Oral argument in New York v. EPA, a lawsuit challenging a December 2002 EPA regulation that would modify the applicability provisions in the “new source review” or NSR permitting program, is scheduled for January 25, 2005 in the US appeals court in Washington. Fourteen states and a coalition of environmental groups have challenged the regulation. A decision is expected later in 2005. If the court upholds the regulation, then states will be facing a January 2006deadline for revising applicable regulations implementing the new NSR program requirements.
Cinergy released a report to its shareholders in December that addresses the potential financial risks of implementing future greenhouse gas emission reduction requirements. The report was prepared in response to a shareholder resolution. It also discusses the potential costs of complying with emission reduction targets in the Clear Skies Act that the Bush administration is trying to put through Congress, other versions of the multi-pollutant legislation, and the pending utility mercury reductions rule and clean air interstate rule proposed by EPA. American Electric Power and TXU have also reported on similar potential financial risks to their shareholders. The AEP report was released at the end of August, and the TXU report was issued in September.
The New York Public Service Commission announced that it has moved up the start date of the state’s renewable portfolio standard from 2006 to 2005 so that projects can participate in the program and still qualify for federal production tax credits. Projects must be in operation before January 1, 2006 to qualify for federal credits. The credits are worth 1.8 cents a kWh. They can be claimed on the electricity output for 10 years. The New York RPS requires that at least 25% of electricity sold to New York consumers must be generated from renewable energy sources by 2013.
Power plants, refineries, and other industrial facilities in the Los Angeles area will have to reduce their NOx emissions further starting in 2007 under recent changes to the so-called “regional clean air incentives market” or RECLAIM. The rule changes affect approximately 330 facilities and call for approximately a 20% reduction in NOx emissions. Affected RECLAIM facilities must reduce NOx emissions by 7.7 tons a day by 2011, starting with four tons a day in 2007 and increasing by 0.925 tons a day in each of the following four years.
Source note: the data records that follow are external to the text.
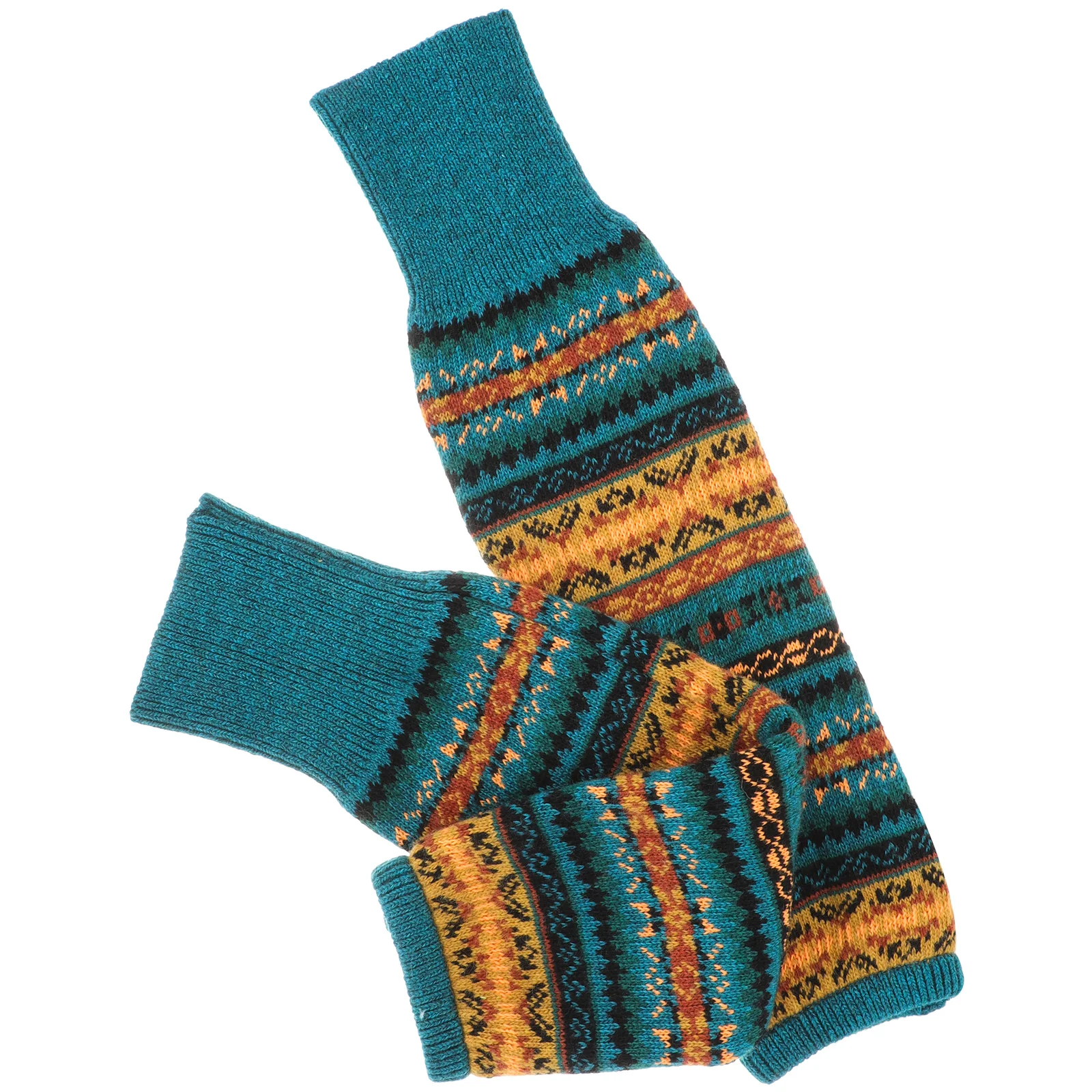 Leg Stocking Cover Socks Winter Women Sock Warmers Warm Warmer Knit Knee Over Multifunction Thickened Foot Stylish Clothes
Leg Stocking Cover Socks Winter Women Sock Warmers Warm Warmer Knit Knee Over Multifunction Thickened Foot Stylish Clothes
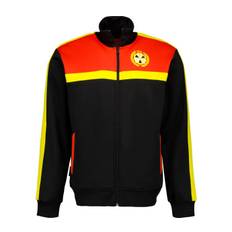 Heritage jacka, BLACK/RED, Herr, XL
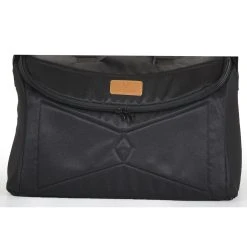 Cangaroo Empire Black 3-in-1 Kinderwagen Incl. Autostoel -KinderReisWereldNederland cangaroo empire black 3 in 1 kinderwagen incl. autostoel 19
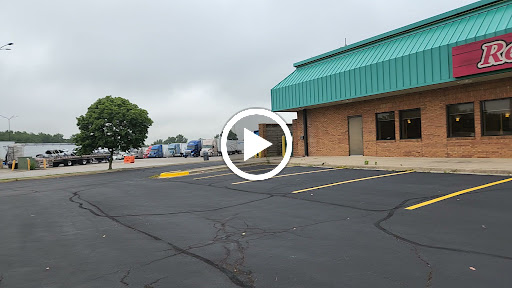 Truck Stop «Petro Stopping Center», reviews and photos, 9787 US-40, New Paris, OH 45347, USA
There will be a limited exemption for qualifying facilities that have already installed state-of-the-art pollution control. The RECLAIM rule revisions will also restore some of the emission trading authority for power producers that was suspended during the California energy crisis. Full trading rights will be restored on January 1, 2007.
The three major California utilities will now be required to calculate the financial costs of greenhouse gas emissions as part of their long-term energy purchases. The California Public Utilities Commission directed the utilities in mid-December to include a “carbon adder” when evaluating the cost to purchase electricity from power producers under long-term contracts. Under the Commission’s mandate, the utilities will reportedly need to assume a CO2 emissions cost of between $8 and $25 per ton. The Commission is expected to provide further guidance on the presumptive CO2 emission cost at a later date.